Red told off six guys to open the re
ar hold, I walked back with them, while Red led Ruby and a few of the strongest women back to Crew’s Quarters and the Galley. Those big wooden hatch covers are heavy, but we flipped a few off, let them fall, took a look. It was full of small crates, very heavily bound in steel, piled on top of much bigger crates, crates even bigger than the ones that held the Jap flivvers in the new warehouse. I could see a few of the big ones, and thought to make out the markings, “Curtiss P-1-USAAS.” Oh, really? The smaller ones were easier to read, even if I hadn’t recognized them from my little vacation with the AEF in France. “CARTRIDGES-.30 CAL-BALL- BELTS.” Oh, fucking really? I ran to the other side of the deck, there were a few soldiers still on guard. I called down to the sergeant in charge, “Get word to Hodges, get more guards, we have a goddamn air force on this boat.” He looked blank, so I broke it down to soldier talk. “Lots of ammo on this tub. 30 cal machinegun belts.”
He still didn’t get it. He just saluted and followed orders. As if a couple hundred invalid lesbian troublemakers was not enough grief. An Air Force? Fucking bully for us.
>>>>>>>
We managed to get everybody unloaded and headed home. There were two hundred and twenty six of the alleged females, and there had been an even thousand deportees. Eighty-three dead, they were left on the beach for the Chinese to bury, when and if. Fifty-five wounded, leaving one thousand and eighty-eight. I had an idea from someplace that eighty-eight was a lucky number in Chinese. Auspicious. I didn’t know much about them, I had read up a little to use them as villains, but most of what I thought I knew was from reading Fu Manchu novels. Not encyclopedic, one might say. I know a lot of shit, but in my business, truth is not preferable to folklore. Popular literature always has to play to the popular prejudice. But now I was a brevet historian. Sigh.
And commander of a couple of brigades of… fucking irregulars. Irregulars, hell. These people were damn near unbelievable. The females, damn did I need a better name for them, headed for the water as soon as they got down the cargo net. Each one had a tiny little bindle, whatever they had salvaged from the Crew Quarters and the Galley. Looked like an insurrection in the slop chest. I did notice that every one of them had a knife, a shiv, or some sort of weapon in hand, even if it was just a big bolt or nut from the hold braces. And yes, some of them had penises. Peni. What the fuck ever. They left their pathetic possessions on shore and washed off the nastiness as well as they could in the cold bay waters. None of them showed any trace of modesty or shame. Beaten out of them, I suppose.

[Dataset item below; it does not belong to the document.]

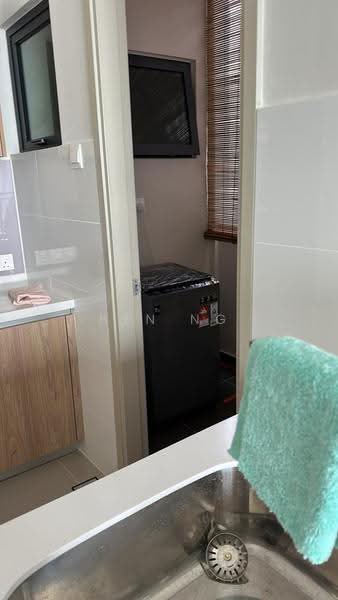 Condominium for Rent at Ara Sentral - Ben Ng - Kitchen - PropertyGuru.com.my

Jeems and Sovine had gone on ahead, with orders to clean the road as much as they could, in passing, and to bed down in the car warehouse. We still had half a day of daylight here, so I let the females take their time. They were skin and bones, and very few of them had shoes, so hurry was not an option. Eventually they were all somewhat cleaner, had a few rags around their waists and places, and off we straggled.
We got about halfway, and rested, here comes Sovine and that ex-car salesman Jimmy Bolton leading a parade of those DAT Lila flivvers, twenty or more. “Lieut, ,” Sovine yelled, “we thought you might need a little help with those women. They looked pretty beat.”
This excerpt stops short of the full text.